__Work to complete__
How many lines in the entries below include the string "windows"? Answer with the number only.

__Data listing__
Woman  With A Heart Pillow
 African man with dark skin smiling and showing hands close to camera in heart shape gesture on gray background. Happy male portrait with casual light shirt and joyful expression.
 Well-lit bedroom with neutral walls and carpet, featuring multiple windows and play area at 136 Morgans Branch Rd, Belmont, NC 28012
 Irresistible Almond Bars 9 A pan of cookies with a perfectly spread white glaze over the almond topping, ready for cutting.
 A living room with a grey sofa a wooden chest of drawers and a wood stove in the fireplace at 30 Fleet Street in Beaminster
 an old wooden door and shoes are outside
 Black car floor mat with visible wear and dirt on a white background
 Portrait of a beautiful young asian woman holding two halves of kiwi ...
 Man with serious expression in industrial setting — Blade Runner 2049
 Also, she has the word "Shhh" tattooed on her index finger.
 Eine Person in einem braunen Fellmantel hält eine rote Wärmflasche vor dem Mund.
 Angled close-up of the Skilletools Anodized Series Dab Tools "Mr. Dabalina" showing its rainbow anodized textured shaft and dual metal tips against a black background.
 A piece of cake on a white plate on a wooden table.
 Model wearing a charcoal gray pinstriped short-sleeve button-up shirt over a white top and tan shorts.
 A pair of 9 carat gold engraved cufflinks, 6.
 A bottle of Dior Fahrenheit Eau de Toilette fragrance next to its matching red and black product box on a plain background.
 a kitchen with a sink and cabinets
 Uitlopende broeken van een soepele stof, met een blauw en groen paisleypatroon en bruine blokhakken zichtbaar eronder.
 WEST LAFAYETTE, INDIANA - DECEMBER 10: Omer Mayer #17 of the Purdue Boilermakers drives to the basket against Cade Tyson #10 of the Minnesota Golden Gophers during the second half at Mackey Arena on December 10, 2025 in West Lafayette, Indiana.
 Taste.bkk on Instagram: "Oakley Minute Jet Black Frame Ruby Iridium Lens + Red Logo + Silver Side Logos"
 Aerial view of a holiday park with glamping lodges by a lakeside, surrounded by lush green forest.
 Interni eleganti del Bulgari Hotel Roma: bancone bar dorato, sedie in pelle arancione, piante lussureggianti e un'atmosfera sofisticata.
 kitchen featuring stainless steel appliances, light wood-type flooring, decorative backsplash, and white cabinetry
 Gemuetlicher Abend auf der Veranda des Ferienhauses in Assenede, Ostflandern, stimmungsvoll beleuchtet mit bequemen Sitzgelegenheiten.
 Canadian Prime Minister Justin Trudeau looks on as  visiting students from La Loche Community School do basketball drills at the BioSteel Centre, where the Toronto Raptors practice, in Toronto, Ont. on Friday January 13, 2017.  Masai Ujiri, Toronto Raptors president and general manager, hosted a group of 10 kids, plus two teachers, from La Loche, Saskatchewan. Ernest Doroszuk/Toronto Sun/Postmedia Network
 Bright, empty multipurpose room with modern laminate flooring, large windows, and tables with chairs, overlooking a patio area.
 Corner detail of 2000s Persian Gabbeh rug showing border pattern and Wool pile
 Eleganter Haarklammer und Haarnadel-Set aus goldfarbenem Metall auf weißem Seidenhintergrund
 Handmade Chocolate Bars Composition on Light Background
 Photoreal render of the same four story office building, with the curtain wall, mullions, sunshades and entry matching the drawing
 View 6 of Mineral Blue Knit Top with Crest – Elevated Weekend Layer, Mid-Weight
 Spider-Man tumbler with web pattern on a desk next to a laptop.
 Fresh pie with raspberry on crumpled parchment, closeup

__Answer box__
2